To increase the affinity between the book and its potential public, I started a group on Facebook and added as many friends as I could whom I thought might be remotely interested in writing.

I pumped the group full of interesting material about writing and interacted with members intensively, creating a real community.

Initially, I offered the e-book version of my book as a reward for anyone who added the most writing-friendly people to the group, and this succeeded in adding a few dozen more members.

Then I offered the e-book for free to ALL members for a limited time if the group could reach a certain number of members by the end of that month. Suddenly, things took off, and dozens more members were added at a rapid rate. The group met its target. I posted a link to the e-book and many members took advantage of it and downloaded the book for free.

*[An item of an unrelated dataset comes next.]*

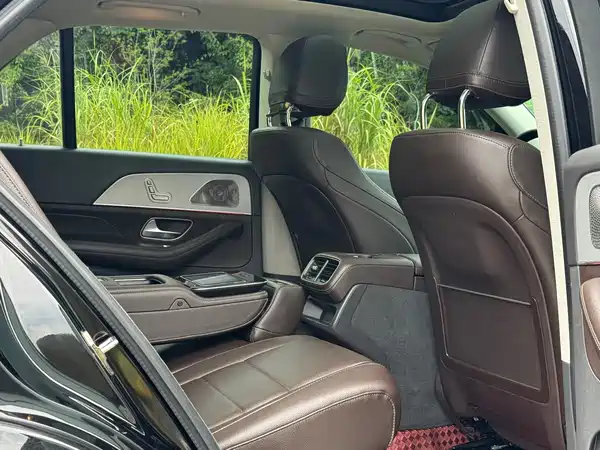 Mercedes-Benz GLE 2020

This added those hot names to my email database.

These people then became beta-readers - they were complete strangers who would read the book and give me feedback. Those who wrote back raved about the book.

What did I gain?

Several hundred extra members in the group (which has steadily grown every day since then), more than doubling it in size and attracting some experienced writers

Dozens of extra names for my database

Dozens of beta-readers and some new testimonies

The crossover between the email database and the group members who have downloaded the book gave me my ‘tribe’, the people from both who were interested enough to get the book.

Now it’s probably true that this whole process could be magnified into a much larger operation. What I did was very small, right at the beginning of setting something up, but it’s possible to see that, given a few more resources and a little more time, it might have been feasible to boost the group into tens of thousands of members, acquire hundreds if not thousands of names for a database, and bring on board hundreds of beta readers. It all depends what the end goal is and what resources you have access to. The principles are the same, though.

And that’s what interests me: the theory behind why this worked.

Stripped of specifics, it goes something like this:

An author, or a business, develops a product after careful research and much work, which doesn’t immediately take off in the open market, despite tests proving that it was more than adequate in itself. This is because, though the thing may be highly effective in itself, it is still invisible to the wider world, despite any attempt to advertise or promote it.

To solve this, to make the product visible, an author or business needs to find a sub-group within that open market - a niche or sector of the marketplace which is broadly interested in the wide category of whatever the product is and for whom similar products are already visible. It’s like finding the public who are on enough of a wavelength to have some hope of picking up your signal.

A free-ranging and lively conversation or series of conversations need to occur within this niche public, not with the aim of ‘selling’ them anything, or even with the idea of introducing or mentioning the initial product at this stage. In the course of this ongoing communication, the author or business becomes more ‘real’ to the members of that sub-group. In effect, the members begin to see at least part of themselves in that author or business. Visibility increases; affinity grows; the beginnings of trust are established.

The aim at this point is to create a community of interactive people, not a set of prospects or a collection of statistics. The more real the communication is, the better; the more responsive and human the author or business appears, the closer is the approach to the objective of this stage.

Once the community is established, the initial product can be introduced as an incentive within that community without necessarily giving it too much attention. Just as I made acquiring my book a prize for adding people to my community, so any product should be aligned with the goals of that group. Any attempt to make the product the central aim of the group will be counterproductive. But make it a side-aim and it should start to draw attention. But it needs to be offered without cost.

Why is this?

Because introducing any element of cost demands a higher element of trust.

Following this model, the author or business hasn’t yet reached the ‘trust-quotient’ or ‘affinity level’ required in order for a member of the public to part with money comfortably. That may or may not come later. This first step is about establishing strong foundations for the trust to grow.

And it will grow, if this is done right. The community will grow, the product will be acquired, the word will spread. The author’s or business’s ‘tribe’ - the loyal followers, the ones who are prepared to go that bit further to get what the author or business of offering - begins to emerge.

This is how to build a foundation for future prosperity.